1 March 2010
Harriett Baldwin welcomed major new policies from Conservatives to reform England’s ‘broken’ planning system.
A new system of ‘Open Source’ democracy and neighbourhood involvement will help deliver sustainable development across Worcestershire. Whitehall targets and unelected quangos will be scrapped, to be replaced with collaborative working and new incentives to promote and reward local homes and jobs.
This comes as official Government surveys show only 1 in 3 people think they can influence decisions in their local area, and just 1 in 5 people think they can influence national decisions.
Under a new policy initiative, entitled Open Source Planning, Conservatives will:
- Abolish the undemocratic and ineffective tier of regional planning overseen by unelected quangos.
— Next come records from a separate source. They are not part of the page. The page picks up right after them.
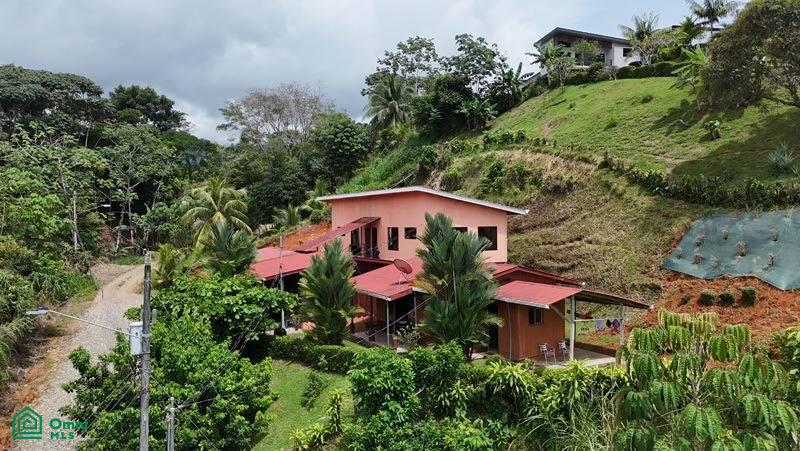 10 bed Single Family Homes For Sale in Osa, Puntarenas - 1
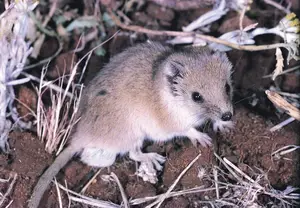 Top New Fascinating Animals: Discover Unique Wildlife from Nature-1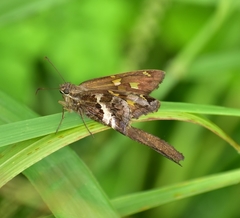 Chioides albofasciatus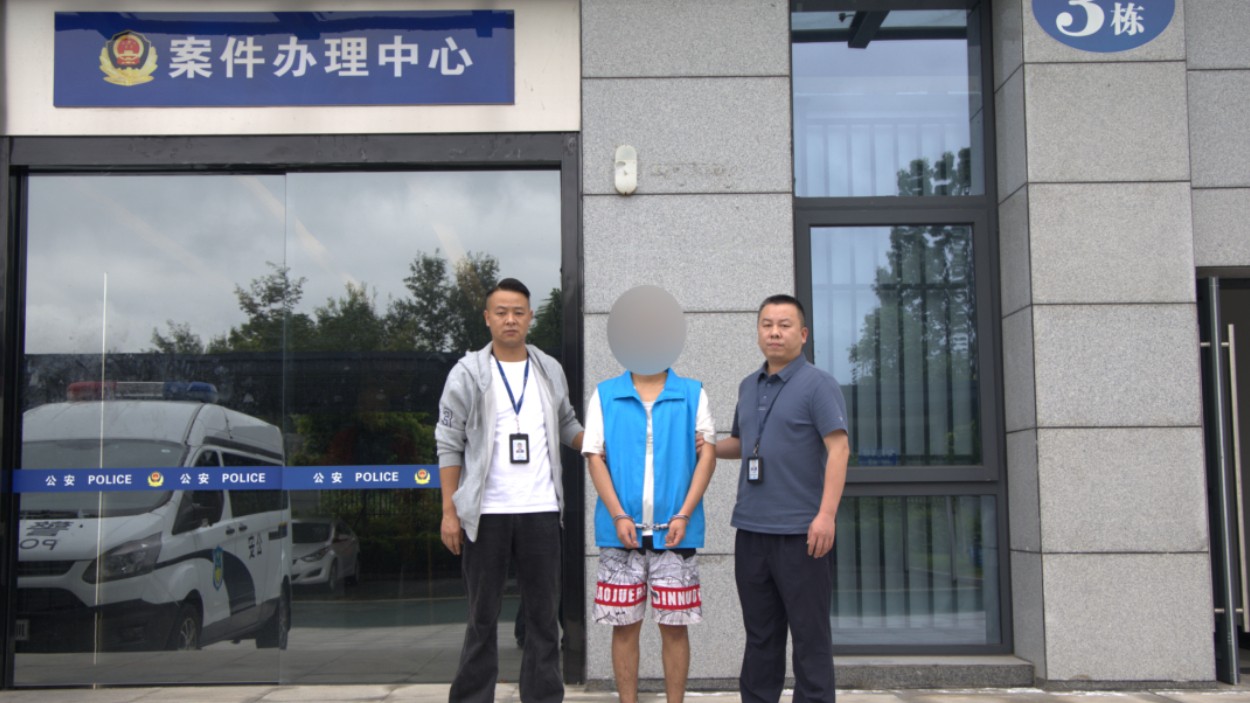 2小时内45次拨打110并辱骂接警员，四川西充一男子被拘12日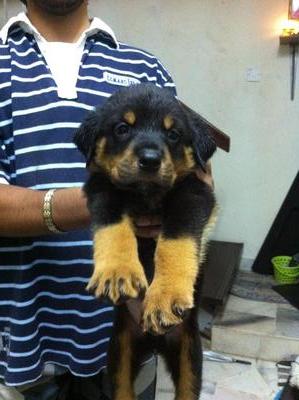 PF37230 - Rottweiler Dog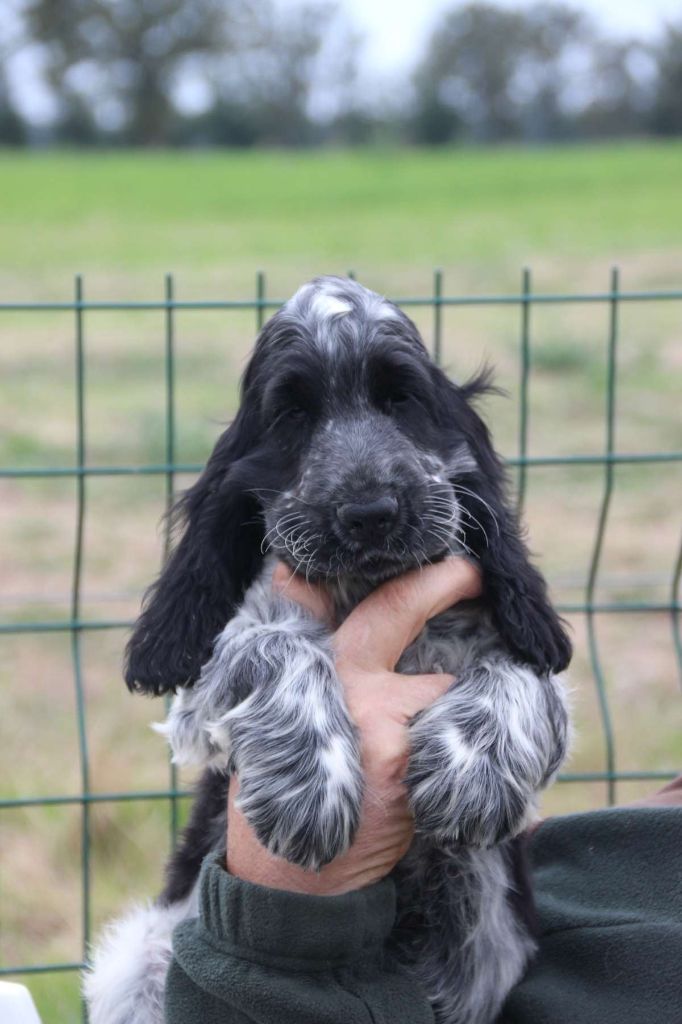 Du domaine des clayeux - Chiot disponible  - Cocker Spaniel Anglais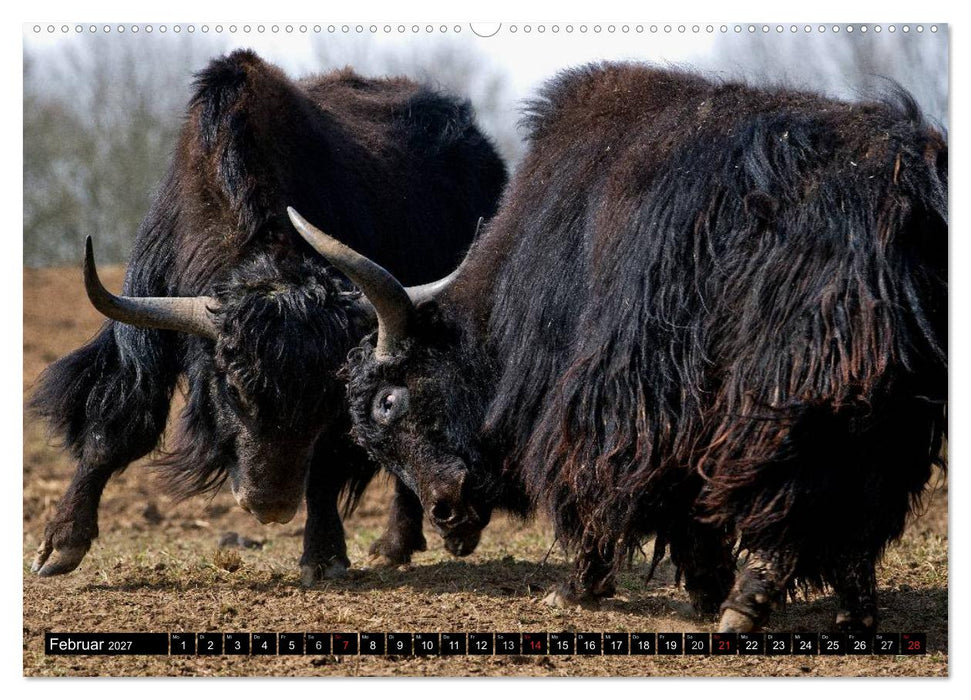 Kuh und Co. (CALVENDO Wandkalender 2027)
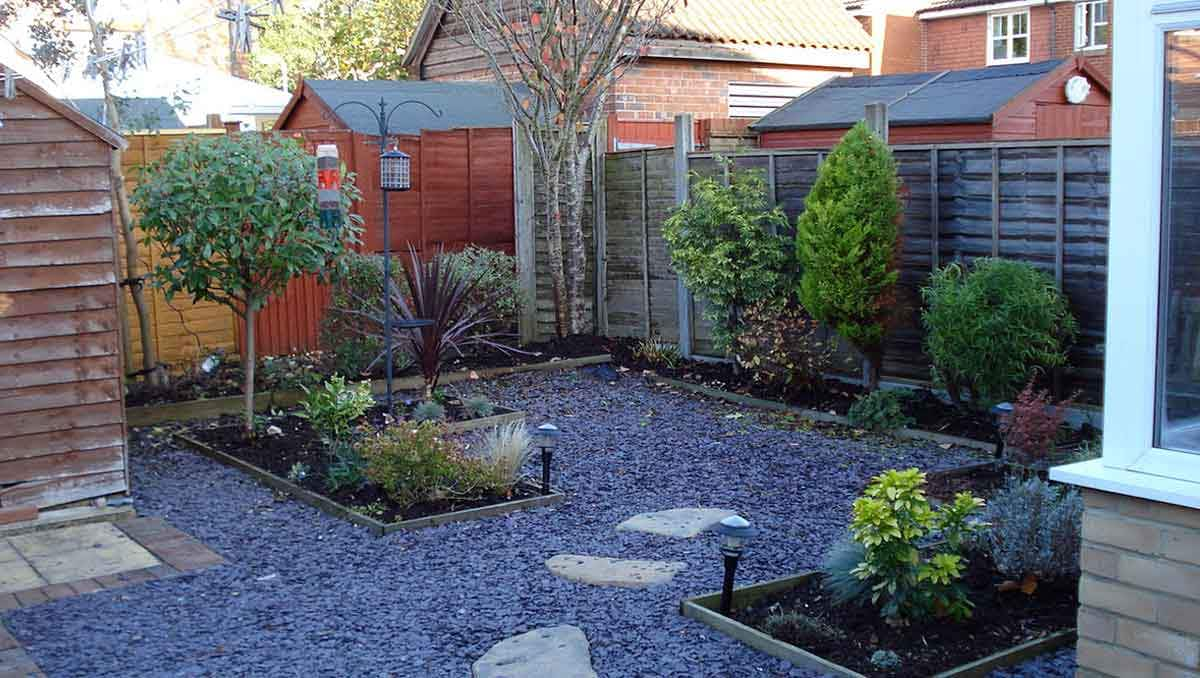 backyard garden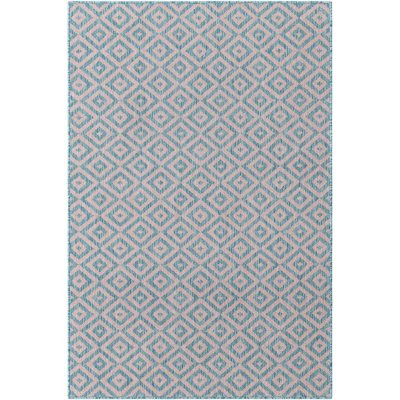Jill Zarin Costa Rica Outdoor Rug:- Pink/Aqua, 4' x 6'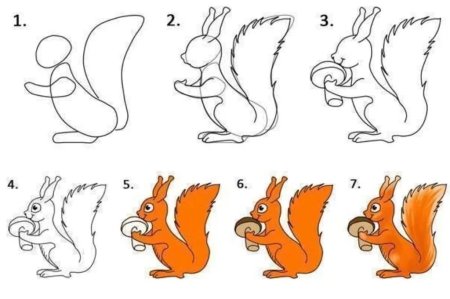 Белка этапы рисования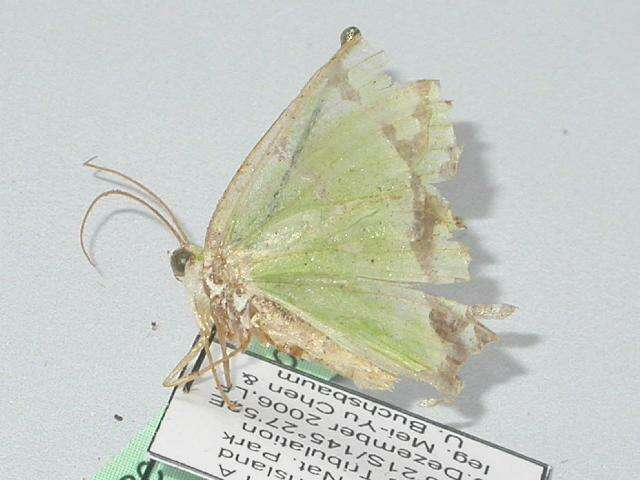 Image de <i>Agathia pisina</i>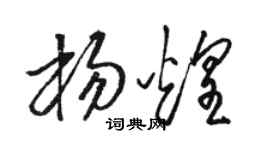 駱恆光楊煌草書個性簽名怎么寫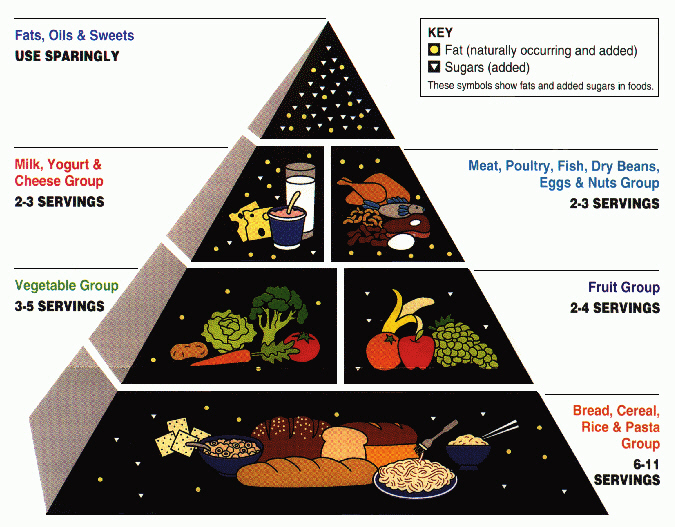 Nourishment - food pyramid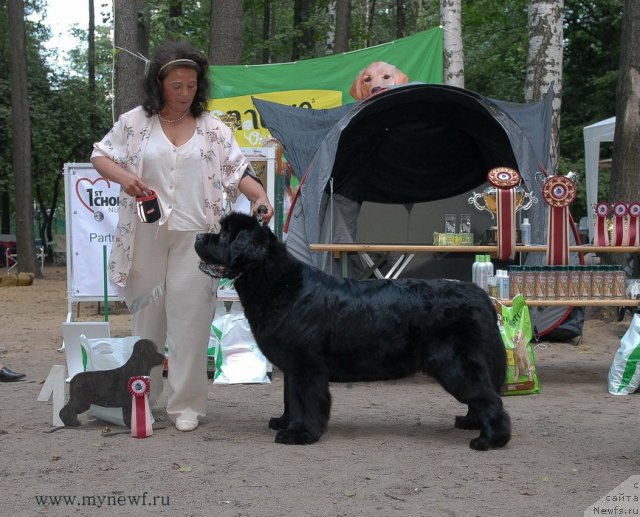 Фотография № 102753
This would include scrapping the Regional Spatial Strategy, the South Worcestershire Joint Core Strategy with its imposition of 25,500 homes (two towns the size of Malvern) on South Worcestershire.
- Use collaborative democracy to allow local communities to create ‘bottom-up’ local plans, helping Worcestershire’s residents shape and protect the character of their neighbourhoods.
- Tackle the scourge of ‘garden grabbing’ and over-development in residential roads, giving Malvern Hills District Council and Wychavon new powers to protect the character of neighbourhoods.
- Reward Malvern Hills District Council and Wychavon and communities through incentives to encourage building new homes and businesses, in contrast to the current regime where Whitehall effectively grabs back the money raised from new homes and business.
- Maintain national Green Belt protection and other special protections for wildlife and the countryside, whilst allowing sustainable development elsewhere in accordance with the local plan.
- Use new local infrastructure blueprints to coordinate strategic matters crossing boundaries, with a new duty on public authorities – including the Highways Agency and Network Rail – to cooperate with Worcestershire councils.
- Abolish Labour’s new unelected and unaccountable central planning quango – the Infrastructure Planning Commission, whilst retaining a fast-track process to avoid planning inquiries taking years; and give Members of Parliament a new role to vote on and ratify national planning policy.
- Increase council and police powers to tackle unauthorised traveller sites and illegal trespass.
- Change Whitehall’s restrictive parking rules to ensure more parking spaces are provided in family homes and near local shops, taking the pressure off crowded residential streets.